Ihab Ilyas presents "Data Cleaning from Theory to Practice"

Ihab Ilyas

Title: "Data Cleaning from Theory to Practice" ABSTRACT
          
With decades of research on the various aspects of data cleaning, multiple technical challenges have been tackled and interesting results have been published in many research papers. Example quality problems include missing values, functional dependency violations and duplicate records. Unfortunately, very little success can be claimed in adopting any of these results in practice. Businesses and enterprises are building silos of home-grown data curation solutions under various names, often referred to as ETL layers in the business intelligence stack. The impedance mismatch between the challenges faced in industry and the challenges tackled in research papers explain to a large extent the growing gap between the two worlds. In this talk I claim that being pragmatic in developing data cleaning solutions does not necessarily mean being unprincipled or ad-hoc. I discuss a subset of these practical challenges including data ownership, human involvement, and holistic data quality concerns. These new sets of challenges often hinder current research proposals from being adopted in the real world. I also go through a quick overview of the approach we use in tamr (a data curation startup) to tackle these challenges.

BIOGRAPHICAL NOTE

Ihab Ilyas is a Professor of Computer Science at the University of Waterloo. He received his PhD in computer science from Purdue University, West Lafayette in 2004. He holds BS and MS degrees in computer science from Alexandria University. His main research is in the area of database systems, with special interest in data quality, managing uncertain data, rank-aware query processing, and Information Extraction.
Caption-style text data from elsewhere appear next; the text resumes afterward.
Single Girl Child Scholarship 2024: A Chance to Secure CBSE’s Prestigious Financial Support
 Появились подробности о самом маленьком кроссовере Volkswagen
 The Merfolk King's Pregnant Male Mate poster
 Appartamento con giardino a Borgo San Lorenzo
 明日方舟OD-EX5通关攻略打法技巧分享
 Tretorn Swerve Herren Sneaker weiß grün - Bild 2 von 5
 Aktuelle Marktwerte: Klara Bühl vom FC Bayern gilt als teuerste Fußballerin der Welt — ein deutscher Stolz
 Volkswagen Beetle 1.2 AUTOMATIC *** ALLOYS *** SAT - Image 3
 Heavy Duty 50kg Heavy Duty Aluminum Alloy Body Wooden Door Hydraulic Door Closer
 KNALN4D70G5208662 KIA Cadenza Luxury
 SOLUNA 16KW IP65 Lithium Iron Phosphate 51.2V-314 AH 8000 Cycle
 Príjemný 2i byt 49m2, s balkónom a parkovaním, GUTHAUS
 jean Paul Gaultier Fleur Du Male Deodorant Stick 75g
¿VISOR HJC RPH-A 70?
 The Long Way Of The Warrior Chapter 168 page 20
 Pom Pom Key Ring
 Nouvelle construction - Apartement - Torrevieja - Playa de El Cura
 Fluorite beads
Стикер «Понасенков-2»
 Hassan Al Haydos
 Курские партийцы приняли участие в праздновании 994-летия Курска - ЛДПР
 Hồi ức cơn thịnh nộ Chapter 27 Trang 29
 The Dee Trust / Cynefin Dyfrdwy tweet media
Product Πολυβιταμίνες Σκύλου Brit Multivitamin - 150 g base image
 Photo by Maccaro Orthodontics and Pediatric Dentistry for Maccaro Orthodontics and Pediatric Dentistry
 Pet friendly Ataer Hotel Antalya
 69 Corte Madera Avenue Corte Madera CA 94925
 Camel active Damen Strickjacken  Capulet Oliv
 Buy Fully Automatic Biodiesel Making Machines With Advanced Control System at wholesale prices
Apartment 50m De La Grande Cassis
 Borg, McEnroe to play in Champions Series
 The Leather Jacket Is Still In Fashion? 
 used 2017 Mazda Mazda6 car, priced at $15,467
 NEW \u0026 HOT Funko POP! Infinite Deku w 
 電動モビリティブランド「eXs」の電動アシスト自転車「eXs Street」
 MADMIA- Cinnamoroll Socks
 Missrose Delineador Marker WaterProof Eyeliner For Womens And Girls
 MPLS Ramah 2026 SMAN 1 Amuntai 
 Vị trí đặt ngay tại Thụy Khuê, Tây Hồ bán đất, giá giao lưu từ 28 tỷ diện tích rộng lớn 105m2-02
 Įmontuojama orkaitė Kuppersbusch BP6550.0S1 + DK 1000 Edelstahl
From 2011 to 2013 he has been on leave leading the Data Analytics Group at the Qatar Computing Research Institute. He spent two summers with IBM Almaden Research Center and he is an IBM CAS faculty fellow since January 2006. Ihab is a recipient of the Ontario Early Researcher Award in 2008, the David R. Cheriton Faculty Fellowship in 2013, and the NSERC Discovery Accelerator Award in 2014. Ihab is a co-founder of Tamr, a startup focusing on large-scale data integration and curation.